Après deux jours de difficiles négociations, les deux camps se sont entendus pour la signature d’une déclaration constitutionnelle qui prévoit de remettre le pouvoir aux civils.

C’était la principale revendication du mouvement de contestation qui secoue le Soudan depuis de nombreux mois : obtenir que le pouvoir soit remis aux mains des civils.

Après deux jours d’intenses tractations, le Conseil militaire qui dirige le pays et les chefs de la contestation sont parvenus à un accord sur une déclaration constitutionnelle qui satisfait cette demande.

C’est ce qu’a annoncé, samedi 3 août à l’aube, le médiateur de l’Union africaine, Mohamed El Hacen Lebatt. « Les deux délégations sont tombées pleinement d’accord sur la déclaration constitutionnelle », a-t-il déclaré à la presse. Cet accord, qui sera signé au cours d’une cérémonie, est le fruit de difficiles négociations sur la transition politique entre l’Alliance pour la liberté et le changement (ALC), fer de lance de la contestation, et le Conseil militaire mis en place après la chute du président Omar Al-Bachir le 11 avril. L’annonce a provoqué des scènes de liesse dans l’une des principales avenues de Khartoum.

Les deux camps s’étaient déjà mis d’accord début juillet sur la création d’un Conseil souverain composé de cinq militaires et de six civils chargé de mener la transition pendant un peu plus de trois ans. Les points encore en suspens portaient sur les pouvoirs de ce Conseil souverain, sur le déploiement des forces de sécurité et sur l’immunité de généraux impliqués dans la répression de la contestation, notamment la dispersion meurtrière du sit-in devant l’armée le 3 juin à Khartoum.

Dix morts en une semaine

Au moins 127 manifestants avaient alors été tués, selon le comité de médecins proches de la contestation. Une enquête officielle a de son côté conclu à l’implication de membres des redoutées Forces de soutien rapide (RSF), lesquelles ont nié toute responsabilité et dénoncé une manipulation.

Les pourparlers entre les militaires et la contestation, initialement prévus mardi 30 juillet, avaient été repoussés après la mort de six personnes dont quatre lycéens à Al-Obeid (Centre) lundi lors d’une manifestation contre les pénuries de pain et de carburants.

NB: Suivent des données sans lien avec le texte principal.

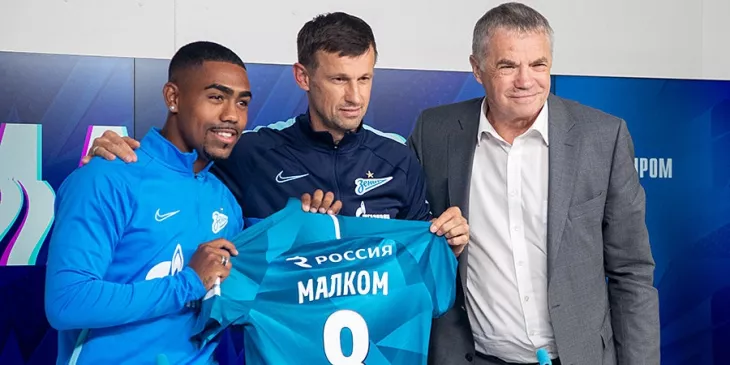 ФК Зенит, Сергей Семак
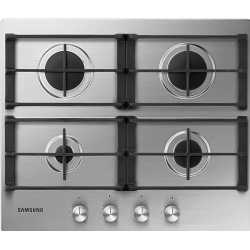 PIANO COTTURA A GAS SAMSUNG NA64H3010AS  ACCIAIO INOX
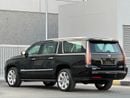 Cadillac Escalade ESCALADE ESV PLATINUM 2015 GCC FULL OPITION // PERFECT CONDITION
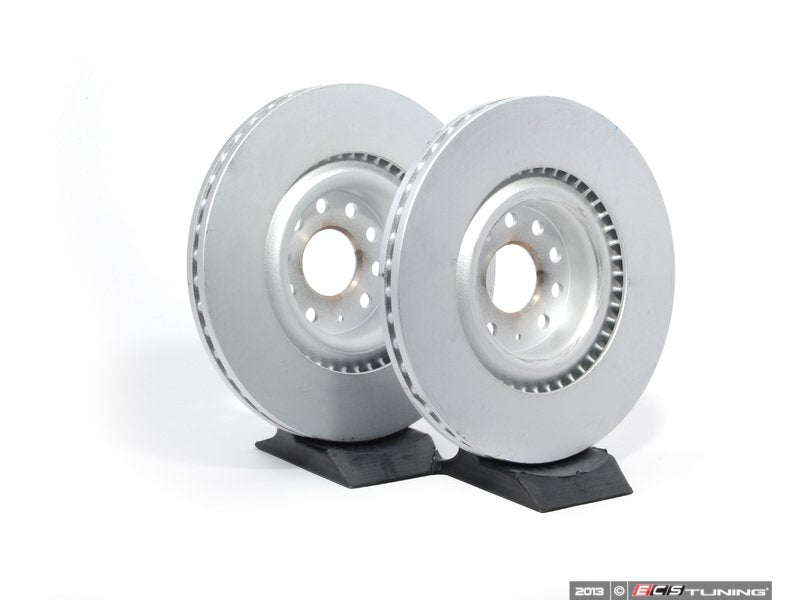 Front Brake Rotors - Pair (345x30)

Ces décès ont suscité une vague de réprobation dans le pays. Jeudi, quatre personnes réclamant justice lors d’un rassemblement à Omdourman près de Khartoum, ont été tuées.

Le Conseil militaire a annoncé vendredi l’arrestation de neuf paramilitaires des RSF accusés d’être impliqués dans la mort des lycéens. « Une enquête a été ouverte sur les événements d’Al-Obeid et sept membres des RSF ont été limogés et remis à la justice civile pour être jugés », a déclaré le général Chamseddine Kabbachi, porte-parole du Conseil militaire. Jeudi, « deux autres membres des RSF ont été arrêtés, donc ils sont neuf au total », a-t-il ajouté.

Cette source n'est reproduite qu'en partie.